Porting Kuzushiji Character Detection and Classical-Japanese OCR to JS/Next.js Without Python — ONNX Quantization and Library Extraction

This article is co-authored with a generative AI. Facts have been cross-checked against official documentation where possible, but errors may remain. Please verify against primary sources before making any important decisions.

What this is about

I had been running my kuzushiji / historical-document image pipeline in Python (a Gradio Hugging Face Space). This is a record of porting it to Python-free JS/Node (onnxruntime-node). Concretely, four pieces:

YOLOv11x character detection exported to ONNX and served from Next.js (an API Route)
NDL koten-OCR-Lite line detection (RTMDet) ported to JS
int8 quantization, compared against fp32 for accuracy, size, and speed
Extracting the NDL OCR core into a framework-agnostic library

Along the way I also hit an easily-misunderstood deployment point: I found that running this on Vercel (serverless) is difficult — so I'll lay out the reasons too (it runs fine on a container or a plain Node server).

The models used are nakamura196/yolov11x-codh-char (MIT, character bounding-box detection) and NDL koten-OCR-Lite (CC BY 4.0, rtmdet-s line detection + parseq character recognition).

1. YOLOv11 → ONNX export

Ultralytics has ONNX export built in, so the conversion itself is one line.

from ultralytics import YOLO
m = YOLO("best.pt")
m.export(format="onnx", imgsz=1280, opset=12,
         dynamic=True,   # make input H/W dynamic (baseline=1280, SAHI tiles=1024)
         simplify=True,
         nms=False)       # NMS is implemented on the JS side, so don't bake it in

The spec I confirmed:

input images [batch, 3, H, W] float32 (RGB, /255, letterboxed)
output output0 [1, 5, N] = (cx, cy, w, h, score) × N anchors (single class; N=33600 at imgsz=1280)
No accuracy loss: .pt and .onnx produce the same number of boxes (251 on a sample image)

One caveat: exporting as fp32 yields about twice the size of the original .pt (109MB) → 217MB. That becomes the deployment bottleneck later.

2. Server-side inference in Next.js (onnxruntime-node)

I went with "UI in Next.js, inference in the server's Node process." Pre-processing (letterbox), post-processing (NMS), SAHI (tiling), and reading-order grouping are all reimplemented in TypeScript.

Pre-processing: letterbox

Building the ONNX input tensor. This works with canvas on both the server and the browser.

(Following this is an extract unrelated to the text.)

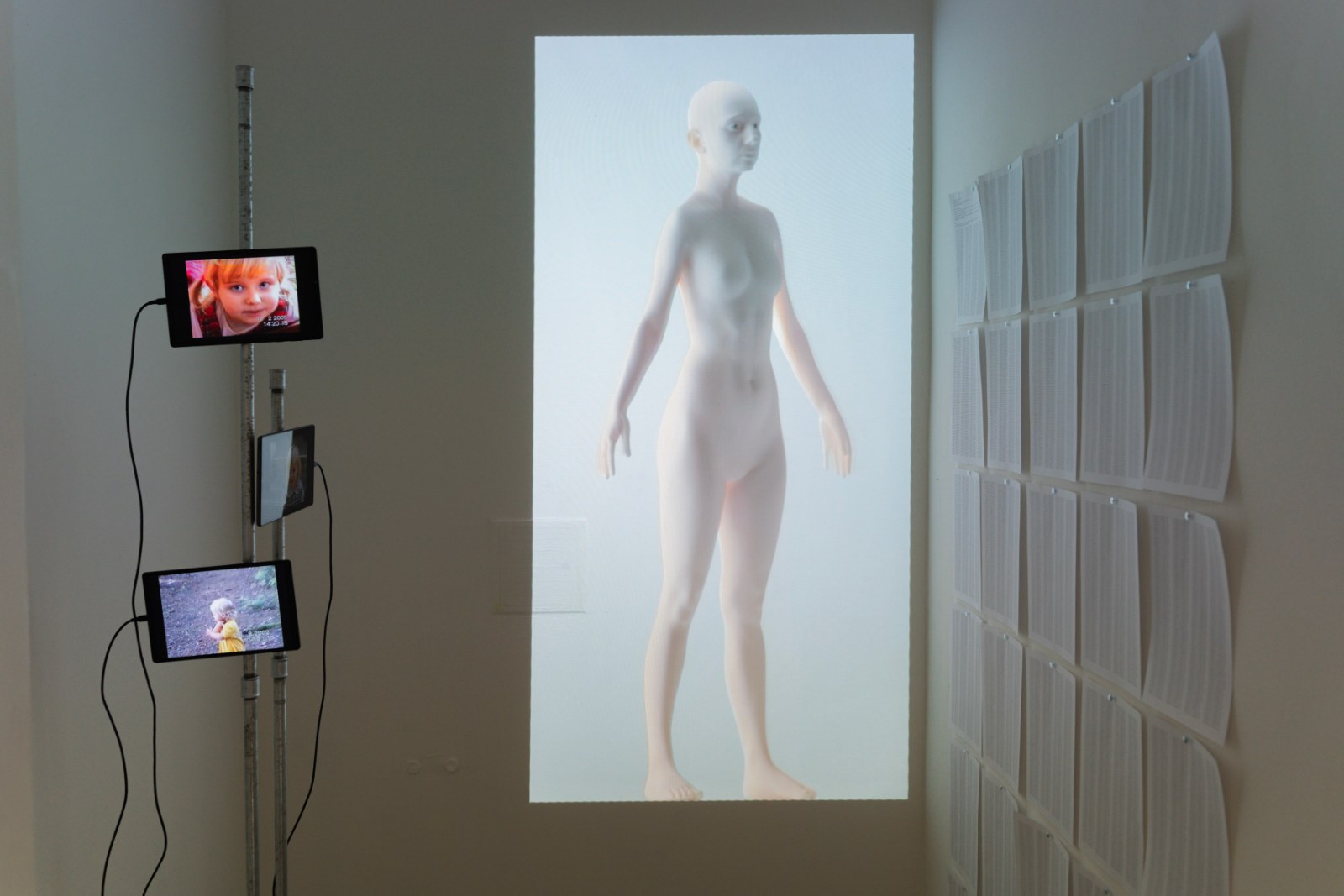 Life-size figure projected behind sheer curtains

const scale = imgsz / Math.max(W, H);
const newW = Math.round(W * scale), newH = Math.round(H * scale);
const padLeft = Math.floor((imgsz - newW) / 2);
const padTop = Math.floor((imgsz - newH) / 2);

const ctx = createCanvas(imgsz, imgsz).getContext("2d");
ctx.fillStyle = "rgb(114,114,114)";  // ultralytics' gray padding
ctx.fillRect(0, 0, imgsz, imgsz);
ctx.drawImage(src, padLeft, padTop, newW, newH);

const { data } = ctx.getImageData(0, 0, imgsz, imgsz); // RGBA
const plane = imgsz * imgsz;
const tensor = new Float32Array(3 * plane);
for (let i = 0; i < plane; i++) {
  tensor[i]             = data[i * 4]     / 255; // R
  tensor[plane + i]     = data[i * 4 + 1] / 255; // G
  tensor[2 * plane + i] = data[i * 4 + 2] / 255; // B
}

Post-processing walks the [1,5,N] output, keeps score >= conf, converts xywh→xyxy, undoes the letterbox back to original coordinates, and applies class-agnostic NMS. It matched the Python behavior almost exactly (canvas resizing interpolates slightly differently from PIL, so it's off by a handful — 251 → 249).

SAHI (tiling)

For high resolution (downscale = long-edge/1280 > 2.0), naively shrinking the image crushes small characters. So I split the image into 1024px tiles with 20% overlap, infer near native resolution, map back to original coordinates, and run a global NMS — a SAHI-style approach. Since tiles are at most 1024, inferring at 1024 avoids upscaling them to 1280 needlessly (84s → 58s on a 6144×4096 image).

Gotcha: `sharp` won't install on Node 25

I first intended to use the de-facto standard sharp for image processing, but npm install on Node 25.6 failed to fetch the prebuilt, fell back to a source build, failed, and rolled back the whole install. This is a known npm bug where it doesn't install sharp's optional platform packages (@img/*) — not that sharp itself is incompatible with Node 25 (on the library side described below, sharp runs fine on the same Node 25).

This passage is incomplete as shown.